• [Task to complete]
Below are the records; output them exactly from the first line through the line with "Professional businessman in", stopping there.

• [Provided entries]

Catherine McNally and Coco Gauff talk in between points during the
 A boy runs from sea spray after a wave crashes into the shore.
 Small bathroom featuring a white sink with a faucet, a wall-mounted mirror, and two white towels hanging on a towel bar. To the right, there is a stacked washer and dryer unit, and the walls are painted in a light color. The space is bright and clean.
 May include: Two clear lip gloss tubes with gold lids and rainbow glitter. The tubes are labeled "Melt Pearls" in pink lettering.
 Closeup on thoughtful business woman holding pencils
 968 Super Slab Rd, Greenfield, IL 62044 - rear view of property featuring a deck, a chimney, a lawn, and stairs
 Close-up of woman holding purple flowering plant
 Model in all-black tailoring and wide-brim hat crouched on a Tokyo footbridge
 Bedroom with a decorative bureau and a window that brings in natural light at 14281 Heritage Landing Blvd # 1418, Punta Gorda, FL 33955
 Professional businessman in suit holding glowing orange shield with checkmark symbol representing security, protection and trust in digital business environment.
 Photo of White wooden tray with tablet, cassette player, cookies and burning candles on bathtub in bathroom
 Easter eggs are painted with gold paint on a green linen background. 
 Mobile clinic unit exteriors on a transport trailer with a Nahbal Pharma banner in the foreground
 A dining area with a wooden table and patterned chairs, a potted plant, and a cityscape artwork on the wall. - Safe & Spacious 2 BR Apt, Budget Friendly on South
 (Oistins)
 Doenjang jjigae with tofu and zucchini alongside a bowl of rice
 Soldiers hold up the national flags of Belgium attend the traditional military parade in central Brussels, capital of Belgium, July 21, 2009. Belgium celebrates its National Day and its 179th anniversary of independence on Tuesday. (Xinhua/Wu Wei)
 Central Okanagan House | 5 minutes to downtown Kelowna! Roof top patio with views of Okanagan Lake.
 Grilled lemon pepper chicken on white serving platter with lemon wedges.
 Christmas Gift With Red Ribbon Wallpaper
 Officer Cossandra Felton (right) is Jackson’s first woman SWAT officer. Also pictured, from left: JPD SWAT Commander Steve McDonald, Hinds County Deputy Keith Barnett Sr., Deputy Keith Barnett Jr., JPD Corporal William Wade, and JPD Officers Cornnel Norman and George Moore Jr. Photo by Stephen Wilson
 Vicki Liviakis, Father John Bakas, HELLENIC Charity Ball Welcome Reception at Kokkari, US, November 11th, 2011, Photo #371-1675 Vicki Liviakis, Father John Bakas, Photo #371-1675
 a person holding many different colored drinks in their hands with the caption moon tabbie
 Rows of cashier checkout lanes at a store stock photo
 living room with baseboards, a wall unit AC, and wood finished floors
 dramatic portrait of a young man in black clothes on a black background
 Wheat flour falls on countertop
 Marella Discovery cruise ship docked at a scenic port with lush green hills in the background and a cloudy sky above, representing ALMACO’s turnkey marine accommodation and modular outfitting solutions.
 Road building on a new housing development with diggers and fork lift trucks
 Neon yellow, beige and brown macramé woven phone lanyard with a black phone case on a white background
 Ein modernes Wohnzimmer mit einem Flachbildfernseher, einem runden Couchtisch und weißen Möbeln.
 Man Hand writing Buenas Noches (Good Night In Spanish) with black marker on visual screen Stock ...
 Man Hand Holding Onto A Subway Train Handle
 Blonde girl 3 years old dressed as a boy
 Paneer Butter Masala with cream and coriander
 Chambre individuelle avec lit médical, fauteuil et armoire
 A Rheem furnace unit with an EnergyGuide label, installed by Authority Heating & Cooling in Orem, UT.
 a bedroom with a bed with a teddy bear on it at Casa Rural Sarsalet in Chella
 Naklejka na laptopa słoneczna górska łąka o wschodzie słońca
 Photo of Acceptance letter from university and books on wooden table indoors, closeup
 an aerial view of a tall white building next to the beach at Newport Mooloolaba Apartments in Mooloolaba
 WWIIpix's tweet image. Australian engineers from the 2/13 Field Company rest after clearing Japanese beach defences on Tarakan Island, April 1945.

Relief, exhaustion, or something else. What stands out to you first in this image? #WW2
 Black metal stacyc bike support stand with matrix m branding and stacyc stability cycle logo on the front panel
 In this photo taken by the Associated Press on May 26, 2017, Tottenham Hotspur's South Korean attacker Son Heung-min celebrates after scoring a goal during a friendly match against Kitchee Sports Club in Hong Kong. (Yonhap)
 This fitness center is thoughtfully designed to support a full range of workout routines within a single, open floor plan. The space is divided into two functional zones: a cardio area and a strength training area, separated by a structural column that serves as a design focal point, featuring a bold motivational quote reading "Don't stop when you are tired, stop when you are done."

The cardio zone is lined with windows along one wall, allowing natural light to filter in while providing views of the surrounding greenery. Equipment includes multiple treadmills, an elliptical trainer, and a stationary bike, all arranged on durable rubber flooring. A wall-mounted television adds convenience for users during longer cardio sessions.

• [Exercise result]
Catherine McNally and Coco Gauff talk in between points during the
 A boy runs from sea spray after a wave crashes into the shore.
 Small bathroom featuring a white sink with a faucet, a wall-mounted mirror, and two white towels hanging on a towel bar. To the right, there is a stacked washer and dryer unit, and the walls are painted in a light color. The space is bright and clean.
 May include: Two clear lip gloss tubes with gold lids and rainbow glitter. The tubes are labeled "Melt Pearls" in pink lettering.
 Closeup on thoughtful business woman holding pencils
 968 Super Slab Rd, Greenfield, IL 62044 - rear view of property featuring a deck, a chimney, a lawn, and stairs
 Close-up of woman holding purple flowering plant
 Model in all-black tailoring and wide-brim hat crouched on a Tokyo footbridge
 Bedroom with a decorative bureau and a window that brings in natural light at 14281 Heritage Landing Blvd # 1418, Punta Gorda, FL 33955
 Professional businessman in suit holding glowing orange shield with checkmark symbol representing security, protection and trust in digital business environment.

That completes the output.